BD>On Mon, Mar 15, 2004 at 07:48:21PM -0500, Mike Jakubik wrote:
BD>> Max Laier said:
BD>>
BD>> > Sure, you measure it ;) ... no, of course it is more expensive to update a
BD>> > 64bit counter on a 32bit arch, but the key (once again) is descision:
BD>> > While
BD>> > (almost) all of the pf counters are 64bit types you can configure it not
BD>> > to
BD>> > use the loginterface or whatsoever more. So it's up to you: You need 64bit
BD>> > counters? You shall have them! You need *fast* 64bit counters? AMD sells
BD>> > nice processors (they say)! ... you get the idea.
BD>>
BD>> Got it.

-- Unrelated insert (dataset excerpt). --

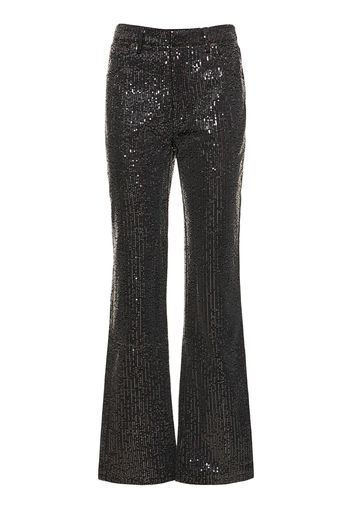 Pantaloni In Twill Con Paillettes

In just curious though... realistically, how big of an impact on
BD>> performance is this on a modern CPU? Is it not simply the original 32bit
BD>> calculation x 2?
BD>
BD>No, you have to do overflow handling so that adds some to the cost.
BD>
BD>I was curious what the actual overhead was so I ran the following
BD>program with both uint32_t and uint64_t counters.  With 64-bit counters,
BD>it was a bit over four times slower on a the dual 2.2GHz Xeon (~2sec vs
BD>~8.4sec).  On a dual opteron, the 32-bit math had a slight edge, but
BD>not much.  Intestingly, runtime was longer then on the Xeon (~3.1s for
BD>32-bit and ~3.8 for 64-bit.)
BD>
BD>If you do this test, be sure not to use any optimizer flags or the whole
BD>loop gets optimized out.
BD>
BD>-- Brooks
BD>
BD>#include <stdio.h>
BD>#include <stdint.h>
BD>
BD>int
BD>main (int argc, char **argv)
BD>{
BD>	uint32_t j = 0;
BD>
BD>	for (j = 0; j < 1000000000; j++) {}
BD>	printf("%d\n", j);
BD>}

Isn't the actual problem the required atomicity? While on 32-bit
architectures you can increment a 32-bit value without taking a lock,
you need a lock to increment a 64-bit value.